2022-01-26

【株価はどう動く?菅下清廣氏に聞く】長期の上昇トレンドは終了か?FRBの金融政策の動向に要警戒

ナスダック指数は天井を打った?


 2021年までは、09年3月にリーマンショックを織り込んだ安値を付けてから長期トレンドの上昇局面が続いてきました。また、中期トレンドで言えば20年3月のコロナショックの安値から上昇トレンドが続いてきたのです。

 この上昇トレンドが、大きな調整局面に入ってきていることは間違いありません。最近付けたニューヨークダウや日経平均の高値が歴史的天井なのかはまだわかりませんが、これまで続いてきた米国株の長期の上昇トレンドは終わった可能性があります。

 その象徴的動きが、ニューヨークのナスダック指数です。完全に天井を打った形になっており、21年11月22日に1万6212ポイントと、ニューヨークダウに先行して高値を付けました。その後、12月28日に1万5901ポイントという二番天井を付けた後、下落しています。

 一番天井を付けた後の安値が12月3日の1万4931ポイントでしたが、22年の年明けから下回ってきています。この後、多少下げ過ぎの反動高で戻っても、1万6000ポイントを回復できないようなら、今が天井ということになります。

 ということは、ナスダック構成銘柄である「GAFAM」と呼ばれるニューハイテク株が、軒並み頭打ち、あるいは当面の天井を付けた可能性が高まってきているということです。ナスダックが先に天井を付けて、ニューヨークダウがそれを確認して下げるという展開が予想されます。

 ニューヨークダウを見ると、21年11月8日に3万6565ドルという高値を付け、12月1日に3万4006ドルと、3万4000ドルの大台ギリギリのところまで下げ、ここが一番底になっています。ニューヨークダウはナスダックに遅れて一番底を入れた後、年初に戻って1月5日に3万6952ドルという高値を付けて、11月8日の高値を抜きました。

 この1月5日の高値が二番天井となるかどうかの見極めが、今後の日米の株式市場の行方を見る上で重要になります。この後、1月5日の高値を抜いてくるようなら、3万8000ドル、あるいは4万ドルの大台を目指すような相場があり得ます。これは強気シナリオです。
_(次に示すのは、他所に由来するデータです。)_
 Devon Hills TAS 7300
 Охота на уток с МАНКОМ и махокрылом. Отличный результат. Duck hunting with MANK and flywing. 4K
 一方、1月5日の高値を抜けないけれども、その水準近辺で強弱感が対立して揉み合うというのが中立シナリオです。

 そして悲観シナリオはナスダックと同じように、1月5日の高値に対して、それを抜けない二番天井を付けた後、下落調整局面に入るというものです。この時には、かなり厳しい下げになる可能性があります。

 あるいは、昨年11月8日の高値に対して、1月5日が二番天井だということになれば、この後下落し、12月1日の3万4006ドル近辺まで下げる可能性があります。

 年初から波乱相場、「波高き相場」が続いてきましたが、攻防の分岐点に差し掛かっている状況です。ナスダックを見ると、すでに天井を付けた形ですので、ニューヨークダウも天井を付ける可能性が強まっています。